Suite à l’assassinat d’Habyarimana et à la défaite militaire des soldats Ex-FAR face au Front Patriotique Rwandais (FPR) en avril 1994, les soldats Ex-FAR (Forces Armées Rwandaises du régime d’Habyarimana), les extrémistes rwandais hutus « interahamwe », auteurs du génocide perpétré contre les Tutsi et contre les Hutus modérés au Rwanda en avril 1994, traversèrent la frontière rwando-congolaise, dans le lot de nombreux réfugiés civils rwandais hutus et furent acceptés au Congo par le régime Mobutu (Gouvernement Kengo) grâce à l’opération turquoise orchestrée par les Français.
2.2. Violations des Conventions
Internationales par le régime Mobutu
Contrairement aux Conventions internationales, les soldats ex-FAR et les interahamwe ne furent pas désarmés, et ils furent logés à moins de 150 km de la frontière rwando-congolaise dans les camps des réfugiés civils. Ils furent nourris avec l’aide humanitaire internationale apportée aux réfugiés civils. Des camps d’entraînement leur furent cédés par le régime Mobutu. Ils continuèrent d’être armés par le régime Mobutu et par le Gouvernement français. Du territoire congolais, ils effectuaient des incursions meurtrières au Rwanda. Les Gouvernants français utilisaient ces éléments comme moyen de pression sur les gouvernants rwandais et comme tremplin pour le « come back » de Mobutu sur l’échiquier international (Mobutu allait jouer comme Médiateur entre le Gouvernement Rwandais et ces éléments armés hebergés sur le territoire congolais) et préparaient même militairement ces soldats ex-FAR et les interahamwe génocidaires rwandais hutus, à partir du territoire congolais à ré conquérir militairement le pouvoir au Rwanda.

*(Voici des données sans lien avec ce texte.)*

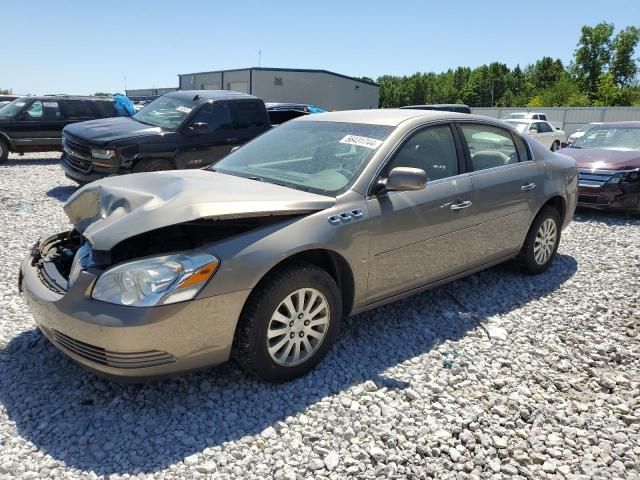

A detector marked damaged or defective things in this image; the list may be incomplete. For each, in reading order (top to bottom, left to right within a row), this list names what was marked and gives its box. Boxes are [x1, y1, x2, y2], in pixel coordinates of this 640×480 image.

crumpled hood [62, 117, 164, 145]
crumpled hood [560, 148, 640, 171]
crushed front bumper [20, 240, 250, 382]
broken headlight [91, 253, 219, 306]
crumpled hood [63, 170, 336, 251]
damaged buick lucerne [20, 109, 580, 382]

2.3. Le régime Mobutu et la Communauté
Internationale sourds aux nombreux appels du Gouvernement Rwandais
Des appels du Gouvernement Rwandais nombreux appels lancés par le Gouvernement Rwandais au régime Mobutu et à la Communauté internationale pour désarmer ces criminels et les livrer à l’Autorité Rwandaise demeurèrent sans effet jusqu’en septembre 1996.

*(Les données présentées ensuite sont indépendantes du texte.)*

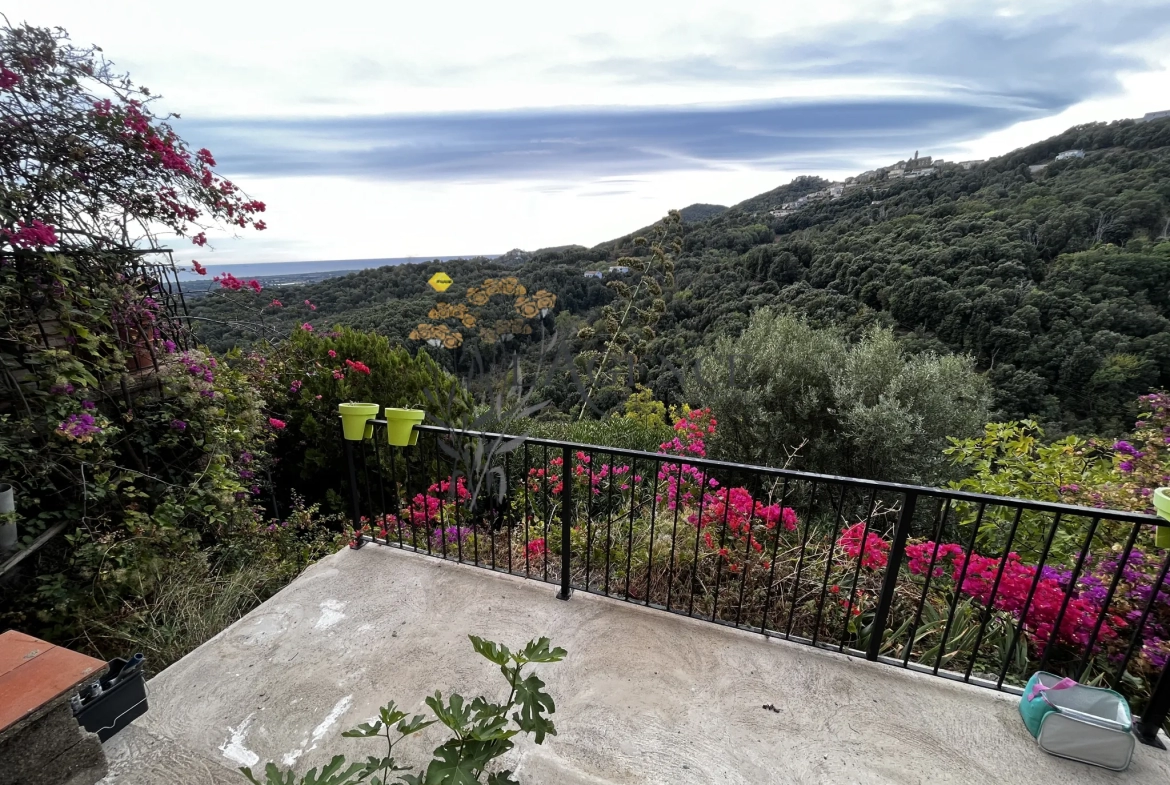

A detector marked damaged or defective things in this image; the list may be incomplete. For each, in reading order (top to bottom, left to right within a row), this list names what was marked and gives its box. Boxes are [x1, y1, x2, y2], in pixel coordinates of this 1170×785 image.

En septembre 1996, le Gouvernement Rwandais se
décida d’envoyer ses troupes armées régulières sur le territoire congolais pour
neutraliser lui-même ces criminels. Pour ne pas donner l’impression d’une
invasion, le Gouvernement Rwandais se servit de LD Kabila comme paravent et de
la création de l’AFDL comme « Un mouvement rebelle de congolais visant à
venir chasser militairement Mobutu et son régime du pouvoir, puisque Mobutu
était un obstacle à la réalisation des Résolutions de la Conférence Nationale
Souveraine, et à appliquer la volonté de notre Peuple matérialisée à travers
les Résolutions de la Conférence Nationale Souveraine ». En septembre
1996, les rebelles de l’AFDL et les troupes armées rwandaises commencèrent les hostilités militaires contre
le régime Mobutu et contre les soldats ex-FAR et les interahamwe à partir de
l’Est du Congo et envahirent le territoire congolais.

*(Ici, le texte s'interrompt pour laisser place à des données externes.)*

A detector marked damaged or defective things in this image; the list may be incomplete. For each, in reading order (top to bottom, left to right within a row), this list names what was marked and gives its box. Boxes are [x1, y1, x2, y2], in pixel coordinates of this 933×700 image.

M. Etienne Tshisekedi prit, en novembre 1996,
une initiative visant à convaincre Mobutu à travailler de concert avec lui
pour :
-
arrêter
la guerre, et donc les pertes des vies humaines, les horreurs et les
atrocités dont le déplacement forcé des personnes, la destruction des
infrastructures nationales…;
-
stopper
la progression des troupes armées étrangères sur le territoire congolais vers
la Capitale (en septembre 1996, les rebelles de l’AFDL et les troupes armées
étrangères étaient encore à Goma) ;
-
demander
aux Gouvernements étrangers ayant aidé l’AFDL avec leurs troupes armées une
facture en bonne et due forme, à les remercier et les prier de rentrer dans
leurs pays d’origine respectifs (Cfr le cas de la façon dont les Angolais
s’étaient comportés envers les Cubains et les Russes qui les avaient aidés dans
la guerre de libération contre le Colonisateur portugais);
-
entamer,
à Goma, les négociations entre le Gouvernement de la Transition issu de la CNS
- empêché de fonctionner normalement par les militaires sur l’ordre de Mobutu
et du Gouvernement Kengo - et les Congolais membres de l’AFDL pour former un
Gouvernement d’Union Nationale entre les rebelles congolais de l’AFDL et le
Gouvernement de Transition issu de la CNS et
-
appliquer
pacifiquement les Résolutions de la CNS enrichies de l‘apport positif de
l’AFDL, mettre ainsi fin à un régime qui avait chosifié et animalisé les
Congolais, les faire passer de l’état des esclaves à celui des citoyens et
insérer le Congo dans le concert de grandes Nations libres, civilisées,
démocratiques, prospères.
Telles sont les « grandes choses »
auxquelles M. Etienne Tshisekedi fit allusion lorsque, arrivé en Novembre 1996
à Nice où se trouvait Mobutu malade, il serra la main de ce dernier devant les
télévisions du Monde entier. Si Mobutu avait suivi les conseils lui
prodigués par M. Etienne Tshisekedi lors de ce voyage, ils auraient
effectivement ensemble réalisé ces grandes choses.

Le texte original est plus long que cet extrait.